Give back the full listing, character for character, with no pictures.

◆ **SOURCE MATERIAL**:
☆ ☆ ☆ ☆ ☆
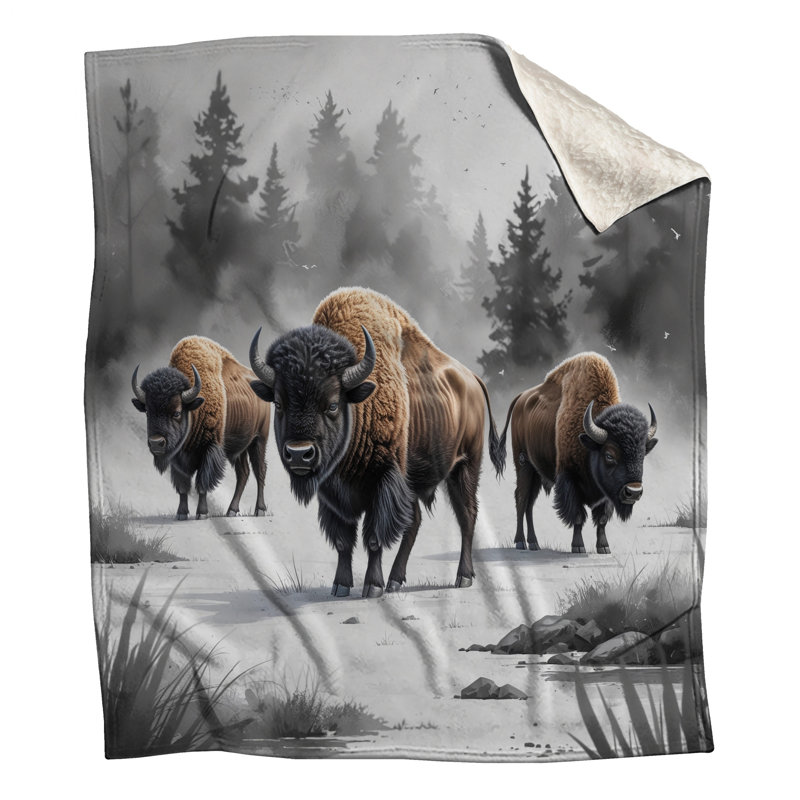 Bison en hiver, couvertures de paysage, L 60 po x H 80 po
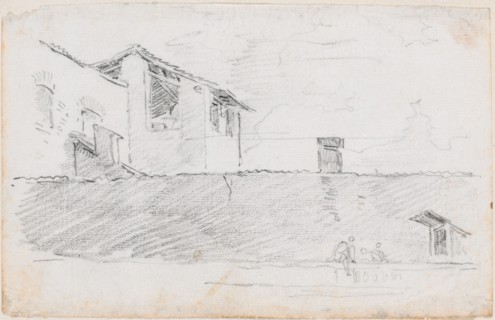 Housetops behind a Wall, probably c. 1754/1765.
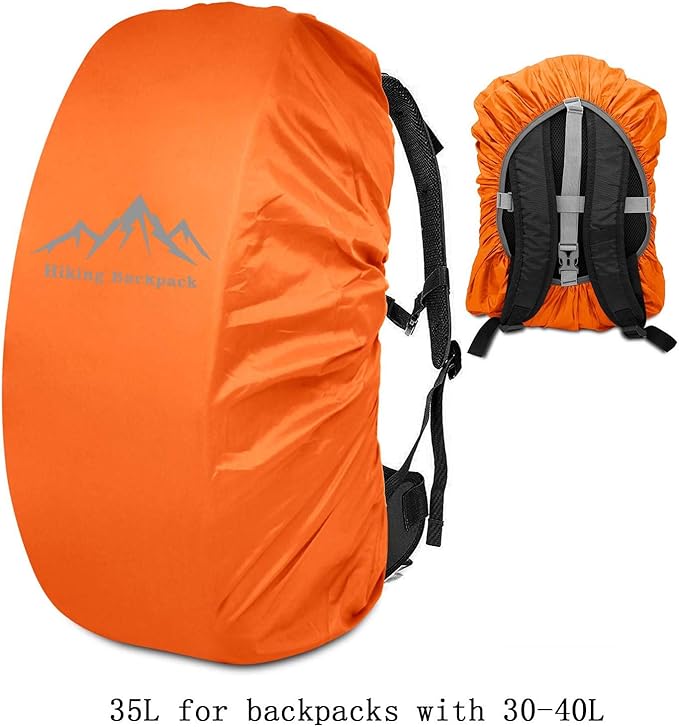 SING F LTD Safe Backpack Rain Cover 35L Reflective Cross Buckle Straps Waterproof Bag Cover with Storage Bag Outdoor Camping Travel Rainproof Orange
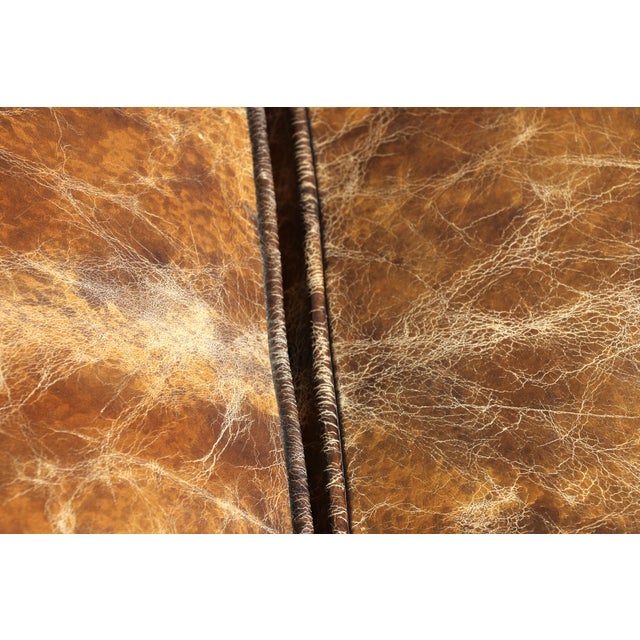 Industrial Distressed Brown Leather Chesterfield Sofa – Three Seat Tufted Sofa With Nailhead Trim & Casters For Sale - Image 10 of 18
☆ ☆ ☆ ☆ ☆
◆ **OUTPUT BELOW**:
 Bison en hiver, couvertures de paysage, L 60 po x H 80 po
 Housetops behind a Wall, probably c. 1754/1765.
 SING F LTD Safe Backpack Rain Cover 35L Reflective Cross Buckle Straps Waterproof Bag Cover with Storage Bag Outdoor Camping Travel Rainproof Orange
 Industrial Distressed Brown Leather Chesterfield Sofa – Three Seat Tufted Sofa With Nailhead Trim & Casters For Sale - Image 10 of 18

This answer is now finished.